Integrated circuit systems utilize very sophisticated clock signals for operating and synchronizing the various components of the system. Clock signals are generated by a system clock and distributed to the various chips associated with the system. Each chip which receives the system clock signals utilizes the signals to produce an internal or on-chip clock signal which is then distributed within the chip.
Ideally, the clock signal at any point in the system should provide an identical reference signal. However, due to the complexity and size of integrated circuit systems, various delays appear in the system between clock signals at various points in the system. This difference between the clock signals at various points in the system may be referred to as skew or clock error and directly penalizes the cycle time of the system.

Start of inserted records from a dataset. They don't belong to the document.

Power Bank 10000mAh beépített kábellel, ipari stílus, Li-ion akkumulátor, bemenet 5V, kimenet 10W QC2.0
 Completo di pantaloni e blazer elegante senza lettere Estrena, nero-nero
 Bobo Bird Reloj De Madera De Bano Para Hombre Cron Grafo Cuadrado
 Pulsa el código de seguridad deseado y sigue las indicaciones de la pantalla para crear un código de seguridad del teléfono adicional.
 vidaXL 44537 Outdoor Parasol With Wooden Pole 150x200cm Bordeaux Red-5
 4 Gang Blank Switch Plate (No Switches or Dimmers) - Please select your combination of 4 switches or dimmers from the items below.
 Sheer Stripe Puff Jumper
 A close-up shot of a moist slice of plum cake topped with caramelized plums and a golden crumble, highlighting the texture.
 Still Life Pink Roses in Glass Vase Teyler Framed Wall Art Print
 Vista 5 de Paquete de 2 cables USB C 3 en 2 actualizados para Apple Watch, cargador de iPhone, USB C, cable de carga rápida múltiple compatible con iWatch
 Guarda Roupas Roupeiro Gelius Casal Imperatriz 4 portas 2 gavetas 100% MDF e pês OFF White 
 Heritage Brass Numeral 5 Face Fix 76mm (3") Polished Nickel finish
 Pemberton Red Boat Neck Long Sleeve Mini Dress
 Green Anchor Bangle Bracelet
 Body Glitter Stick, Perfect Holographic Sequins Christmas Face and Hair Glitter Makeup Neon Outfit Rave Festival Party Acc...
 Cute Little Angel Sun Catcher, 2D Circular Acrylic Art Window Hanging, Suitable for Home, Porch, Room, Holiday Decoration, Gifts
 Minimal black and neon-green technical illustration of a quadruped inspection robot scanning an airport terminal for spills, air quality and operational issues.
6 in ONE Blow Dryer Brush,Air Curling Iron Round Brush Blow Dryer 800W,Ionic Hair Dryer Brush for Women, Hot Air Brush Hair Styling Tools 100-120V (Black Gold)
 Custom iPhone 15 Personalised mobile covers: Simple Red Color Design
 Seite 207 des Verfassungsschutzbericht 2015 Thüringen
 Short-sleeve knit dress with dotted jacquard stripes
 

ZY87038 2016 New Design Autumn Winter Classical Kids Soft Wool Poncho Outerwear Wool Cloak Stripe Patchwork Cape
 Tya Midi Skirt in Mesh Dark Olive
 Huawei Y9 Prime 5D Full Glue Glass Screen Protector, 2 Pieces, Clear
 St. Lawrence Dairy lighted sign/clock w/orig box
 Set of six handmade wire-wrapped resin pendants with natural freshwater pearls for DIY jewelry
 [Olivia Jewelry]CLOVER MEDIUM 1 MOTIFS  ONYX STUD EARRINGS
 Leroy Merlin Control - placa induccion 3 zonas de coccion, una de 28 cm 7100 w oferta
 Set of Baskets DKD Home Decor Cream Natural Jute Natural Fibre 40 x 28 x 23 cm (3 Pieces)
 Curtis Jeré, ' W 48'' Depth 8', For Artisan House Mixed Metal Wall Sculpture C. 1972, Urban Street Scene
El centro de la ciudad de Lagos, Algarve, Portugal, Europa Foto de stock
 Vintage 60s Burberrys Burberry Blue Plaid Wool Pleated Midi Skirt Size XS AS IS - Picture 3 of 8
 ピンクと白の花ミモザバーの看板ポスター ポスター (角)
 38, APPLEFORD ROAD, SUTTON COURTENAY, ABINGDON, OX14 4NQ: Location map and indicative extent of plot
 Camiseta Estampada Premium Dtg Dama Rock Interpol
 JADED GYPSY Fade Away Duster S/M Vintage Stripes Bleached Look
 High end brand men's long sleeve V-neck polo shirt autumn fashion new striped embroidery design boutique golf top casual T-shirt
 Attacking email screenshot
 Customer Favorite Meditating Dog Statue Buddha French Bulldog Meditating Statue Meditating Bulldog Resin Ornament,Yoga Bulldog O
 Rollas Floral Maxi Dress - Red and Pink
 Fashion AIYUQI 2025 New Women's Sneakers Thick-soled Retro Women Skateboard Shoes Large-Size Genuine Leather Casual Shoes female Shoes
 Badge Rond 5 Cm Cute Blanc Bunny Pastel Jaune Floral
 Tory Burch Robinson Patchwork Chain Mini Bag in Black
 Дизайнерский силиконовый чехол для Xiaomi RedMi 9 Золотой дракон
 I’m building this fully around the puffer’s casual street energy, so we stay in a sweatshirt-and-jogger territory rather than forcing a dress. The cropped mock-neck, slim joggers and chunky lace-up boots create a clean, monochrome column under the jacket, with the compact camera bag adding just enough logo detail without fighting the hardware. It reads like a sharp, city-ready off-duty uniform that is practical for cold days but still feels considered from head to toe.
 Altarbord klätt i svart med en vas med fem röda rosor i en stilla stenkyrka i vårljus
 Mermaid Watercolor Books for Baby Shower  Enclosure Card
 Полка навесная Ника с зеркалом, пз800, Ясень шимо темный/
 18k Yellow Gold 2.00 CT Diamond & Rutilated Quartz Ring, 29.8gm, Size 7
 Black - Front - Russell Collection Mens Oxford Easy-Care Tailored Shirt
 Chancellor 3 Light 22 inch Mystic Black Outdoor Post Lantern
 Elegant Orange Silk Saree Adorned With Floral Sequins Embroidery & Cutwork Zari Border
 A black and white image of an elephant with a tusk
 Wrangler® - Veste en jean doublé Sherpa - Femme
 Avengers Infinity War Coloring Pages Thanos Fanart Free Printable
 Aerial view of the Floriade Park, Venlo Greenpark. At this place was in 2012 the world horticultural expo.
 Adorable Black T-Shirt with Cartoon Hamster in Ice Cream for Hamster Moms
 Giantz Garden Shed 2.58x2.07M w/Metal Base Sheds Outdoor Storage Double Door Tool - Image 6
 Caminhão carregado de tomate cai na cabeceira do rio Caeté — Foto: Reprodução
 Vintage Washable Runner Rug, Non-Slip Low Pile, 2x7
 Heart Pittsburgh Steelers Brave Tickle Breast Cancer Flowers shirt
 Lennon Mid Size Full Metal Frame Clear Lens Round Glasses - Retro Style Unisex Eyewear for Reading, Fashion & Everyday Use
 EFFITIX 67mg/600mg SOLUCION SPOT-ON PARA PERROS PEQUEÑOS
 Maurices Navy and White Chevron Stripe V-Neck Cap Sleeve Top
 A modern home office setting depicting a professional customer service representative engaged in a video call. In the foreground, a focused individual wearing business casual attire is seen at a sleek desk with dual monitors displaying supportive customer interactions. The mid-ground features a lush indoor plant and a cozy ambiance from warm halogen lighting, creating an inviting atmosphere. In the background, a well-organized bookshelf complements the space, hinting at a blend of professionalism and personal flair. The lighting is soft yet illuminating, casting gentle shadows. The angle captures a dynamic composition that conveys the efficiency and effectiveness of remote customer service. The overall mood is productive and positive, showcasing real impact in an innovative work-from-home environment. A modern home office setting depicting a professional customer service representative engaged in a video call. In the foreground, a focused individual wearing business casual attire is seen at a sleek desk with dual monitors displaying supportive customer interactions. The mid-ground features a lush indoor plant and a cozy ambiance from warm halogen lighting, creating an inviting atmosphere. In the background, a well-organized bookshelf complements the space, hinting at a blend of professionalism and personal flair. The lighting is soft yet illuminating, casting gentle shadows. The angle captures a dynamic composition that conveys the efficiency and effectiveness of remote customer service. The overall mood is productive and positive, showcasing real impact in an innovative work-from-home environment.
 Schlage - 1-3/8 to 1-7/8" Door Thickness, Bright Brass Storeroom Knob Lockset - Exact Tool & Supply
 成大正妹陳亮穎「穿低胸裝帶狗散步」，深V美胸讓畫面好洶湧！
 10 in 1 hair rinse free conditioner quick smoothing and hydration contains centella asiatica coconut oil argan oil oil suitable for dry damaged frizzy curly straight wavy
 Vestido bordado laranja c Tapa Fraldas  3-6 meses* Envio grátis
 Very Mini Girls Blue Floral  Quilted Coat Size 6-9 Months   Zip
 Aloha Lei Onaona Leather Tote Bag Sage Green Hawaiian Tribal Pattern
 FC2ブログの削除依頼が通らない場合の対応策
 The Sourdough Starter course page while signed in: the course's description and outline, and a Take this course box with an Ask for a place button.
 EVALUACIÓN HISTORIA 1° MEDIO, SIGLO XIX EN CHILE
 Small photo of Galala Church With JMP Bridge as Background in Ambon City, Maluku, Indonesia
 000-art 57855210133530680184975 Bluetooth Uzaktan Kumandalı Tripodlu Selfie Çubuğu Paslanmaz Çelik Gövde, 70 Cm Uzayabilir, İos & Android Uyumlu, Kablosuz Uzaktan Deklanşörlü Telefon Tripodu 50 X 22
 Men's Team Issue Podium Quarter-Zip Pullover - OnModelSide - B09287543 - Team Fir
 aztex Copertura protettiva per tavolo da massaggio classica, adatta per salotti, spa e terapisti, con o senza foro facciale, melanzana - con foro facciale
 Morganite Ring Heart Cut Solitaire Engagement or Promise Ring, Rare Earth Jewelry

One source of clock skew or error arises in the arrangement for receiving system clock signals on chips included in the system. The system clock signals, which comprise two complementary or differential clock signals, are received on the chip by a clock receiver circuit which converts the differential system clock signals to a single-ended clock signal. The single-ended clock signal from the clock receiver circuit is applied to one input of a phase-lock loop circuit. The output of the phase-lock loop circuit is distributed to the various components on the chip through a clock distribution arrangement or network. The signal from the clock distribution arrangement is fed back and applied as the second input of the phase-lock loop circuit. The phase-lock loop circuit is used in the receiving arrangement to ensure that the distributed on-chip clock signal at the clock distribution arrangement is frequency-aligned and phase-aligned with the system clock signals.
The problem in this system clock receiver arrangement is the difference in the delay between the system clock and the phase-lock loop circuit as compared to the delay introduced in the phase-lock loop feedback path from the on-chip clock distribution arrangement. The receiver circuit introduces a certain delay between the system signals and the signals fed as the first input to the phase-lock loop circuit. In order to reduce skew, there should be an identical delay in the feedback loop of the phase-lock loop circuit. However, it has heretofore proven difficult to accurately produce a delay in the phase-lock loop feedback path which is consistently equal to the delay introduced by the clock receiver circuit. One reason for this is that the differential to single-ended signal conversion required by the clock receiver circuit is not a function required in the feedback path. Various circuit elements may be added to the feedback loop to introduce a delay which is intended to correspond to the delay introduced in the clock receiver circuit. However, these introduced elements behave differently than the elements of the clock receiver circuit under various conditions, and thus the delay introduced by these introduced circuit elements in the feedback loop commonly varies from the delay introduced by the clock receiver circuit.